US online e-commerce giant Amazon is launching a new “sovereign” cloud computing service in Germany aimed at satisfying European Union privacy demands.
It follows the likes of Google, Microsoft and Oracle that are launching similar services to meet Europe’s ever-increasing data privacy requirements.
According to a press release from Amazon Web Services (AWS), the new product is aimed at government customers and businesses that operate under stiff data regulations.
“AWS European Sovereign Cloud will be a new, independent cloud for Europe that gives customers in highly regulated industries and the public sector further choice and flexibility to address evolving data residency and resilience requirements in the European Union,” the press release reads.
The new service is designed to ensure all data stored on the cloud remains within EU borders and that all metadata related to the cloud can only be accessed by Amazon staff working within the bloc.

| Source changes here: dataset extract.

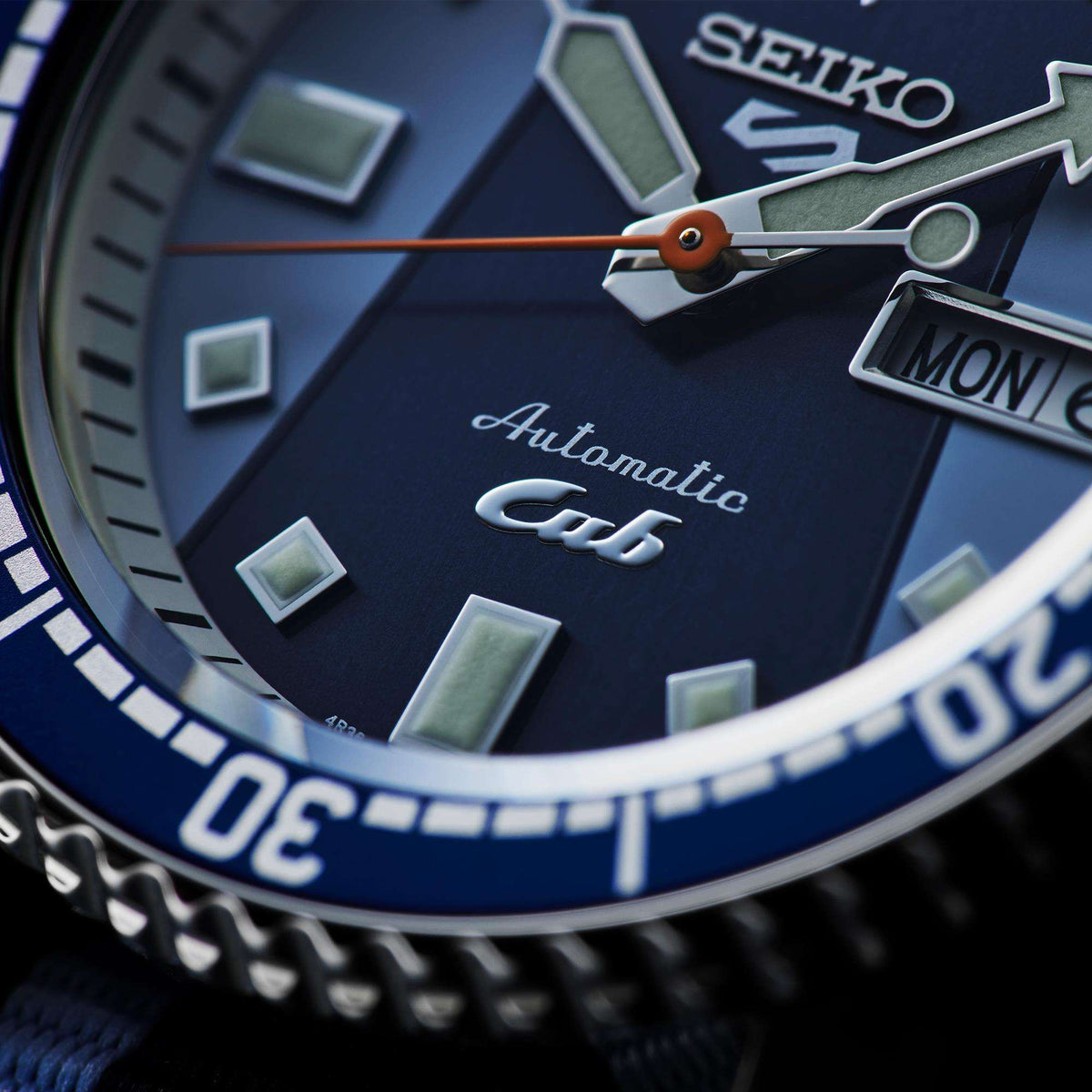 Close-up of blue watch dial with orange seconds hand and date window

TikTok is fighting back in the courts after regulators in Europe slapped it with a €345 million data privacy fine. https://t.co/ijXqIlLS48
— Brussels Signal (@brusselssignal) October 16, 2023
Reacting to the news, the President of Germany’s Federal Office for Information Security (BSI) Claudia Plattner seemed pleased by the announcement. She said it would make it easier for many EU customers to avail of cloud computing.

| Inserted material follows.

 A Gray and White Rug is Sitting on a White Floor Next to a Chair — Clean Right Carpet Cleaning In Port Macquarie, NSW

“The development of a European AWS cloud will make it much easier for many public sector organisations and companies with high data security and data protection requirements to use AWS services,” Plattner said.
Others appeared less confident in the new product, saying it seemed likely that the privacy of such data could still easily be breached.
Speaking to Frankfurter Allgemeine Zeitung, internet expert Frank Karlitschek, who founded a decentralised alternative to traditional cloud computing, said AWS’ “sovereign” labelling of the service was fundamentally inaccurate.
“Sovereignty is the absence of strong dependencies on third parties,” he said.
“The Sovereign Cloud from AWS is a misnomer here.”
Thilo Weichert, a board member of the German Association for Data Protection, expressed scepticism that the new service would prevent the data of EU citizens from being illegally accessed abroad, especially by foreign governments.
“We have the problem that US authorities can legally have access to this data, for example via the CLOUD Act or the Foreign Intelligence Surveillance Act,” he said.
According to the US Government, the CLOUD Act can be used to compel US-based companies to hand over data in their control to American authorities, even when that data is located within a different jurisdiction.